Have the managers write down five decisions that personally led them to make bad judgments. This can be in their personal or professional life, inside or outside the company. Accumulate all of the answers, categorize them for training purposes and be prepared to show employees why the company has rules and procedures in place. These stories show humility and convey the idea that not all decisions are correct in business and when they are found to be wrong choices, they are corrected and learned from. Mistakes are to be expected and all managers make them. The important thing to teach your subordinates is that there is no reason why the same costly mistake should be made twice if good training is used.
Gather strong clear examples of your own company managers’ mistakes for training purposes. Present them as representative and indicative of poor, misguided or bad judgments that demonstrate how small decisions can go very bad. There are reasons for following company rules, procedures and proven training for all employees in order to avoid making mistakes. Making the right decision is not always easy but considering the consequences of choosing the wrong choice makes it easier. Learning from mistakes is important; learning from others’ is invaluable.
Examples of Bad Decisions:
- Production control: A manager decided to ignore the assembly procedure designed by engineering when completing thousands of wired products. When it was discovered the wiring was installed methodically wrong on each of the parts, he was forced to spend overtime in his department to have every one taken apart just to be reassembled a second wasteful time. The original assembly procedure which was written for a specific reason was subsequently ignored and the company paid for this bad judgment.
- Safety: A manager decided to take the safety guard off a machine to speed up the machine process which ended up injuring an employee. The employee was treated and released but the injury could have been much worse. This poor judgment could have ended tragically. The manager truly wanted to get more production and did not desire to hurt his employee but his decision was wrong and conveying this to your listening audience in training has a very sobering effect. Allow the manager who made this mistake to tell the story himself.
- Credit approval: A credit manager was pressured to give a high credit limit to a new customer by all of the sales department representatives. All the sales representatives repeatedly called him, told him to hurry up and grant this extended payment credit and allow a large shipment being held in shipping to be released to this new customer. Instead of performing his normal due diligence and investigation which would have alerted him to a number of announced lawsuits currently forming in the court system against this potential customer, the hurried credit manager unaware of these problems allowed the big shipment to occur. Sadly, the new customer did not pay the bill and once settled took a year to get paid for 25% of the original amount of $4.1M after legal fees. This bad judgment stemmed from not doing thirty minutes of work and allowing the pressure of other departments to dictate poor system review.
- Quality control procedures: A quality control technician ignored some of the procedures to verify release of a shipment of goods and the products were returned rejected by the customer’s receiving department. This caused this customer not to send the next request for quote (RFQ, regretfully estimated later at $9.5M) to this specific company for bid. The quality control technician did not know the results of his bad decision for over a year, when during an audit, it was disclosed by the interviewed company, just what happened. The one thing he did know was that he skipped specific steps; he knew it was wrong, but he did it anyway. Bad decisions sometimes do not immediately have bad impact on us, but inevitably they cost dearly.

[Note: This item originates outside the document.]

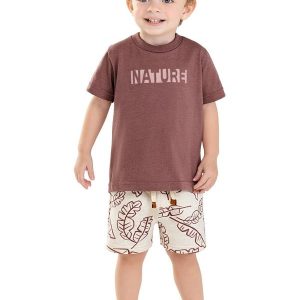 Conjunto Infantil Menino Nature Aveludado Marrom
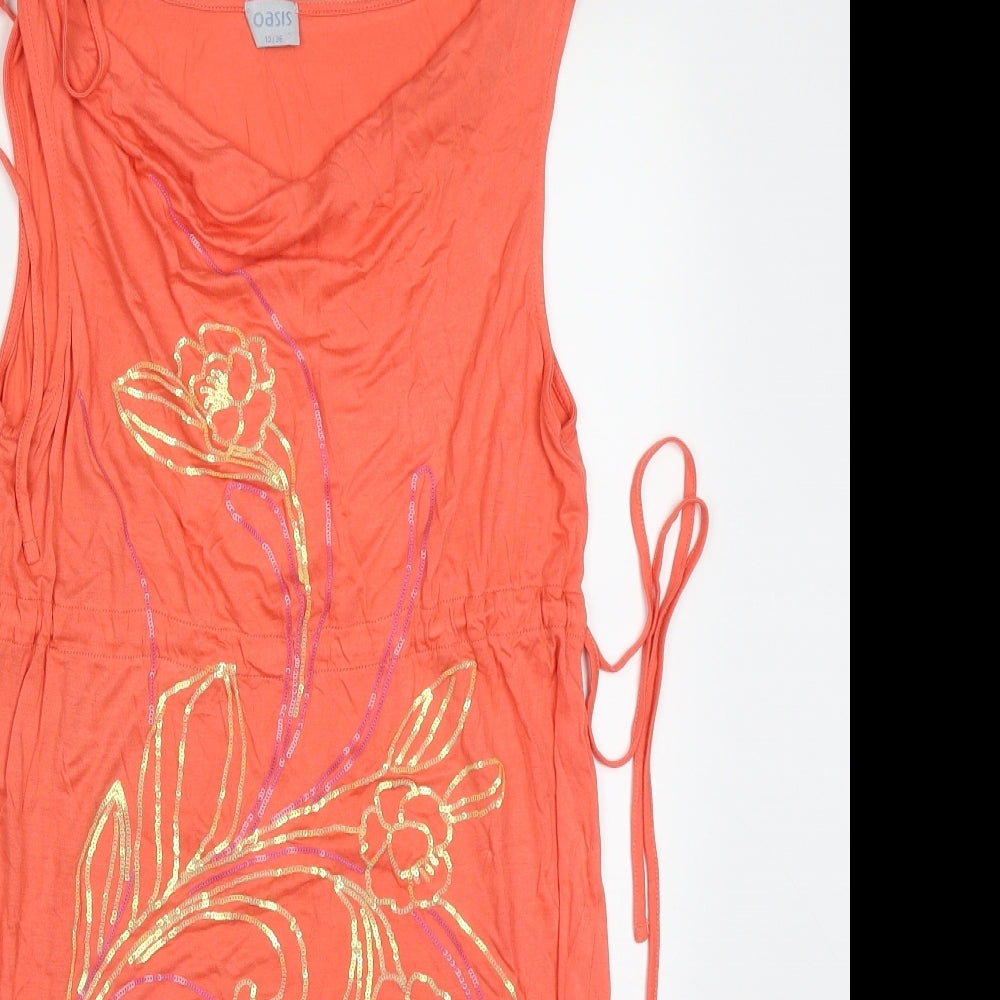 Oasis Womens Red  Viscose Tank Dress  Size 12  Cowl Neck Pullover - Flowers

- Sales etiquette: A sales representative made a sales call to a new company suggested by his sales manager. After calling on and giving a presentation to the client’s purchasing department, he started to leave. As he was leaving out the lobby door, he turned to a young female at the desk and made an inappropriate remark. As she nervously laughed, he thought it was taken without incident or any problem and left. This receptionist happened to be the niece of the president of that company and she, being pampered and spoiled, reported the rude comment to her uncle immediately. Indignant about the incident, the client’s president told purchasing not to buy anything from this firm and then proceeded to tell this embellished story every two or three months repeatedly, at his industry’s monthly conference ensuring that everyone in attendance knew how his niece was spoken to inappropriately by a representative of this company. Soon the sales person who made this poorly chosen remark could not sell within the industry and was forced to accept a sales territory out of state. He learned to no longer take receptionists for granted and quickly knew to keep his mouth shut.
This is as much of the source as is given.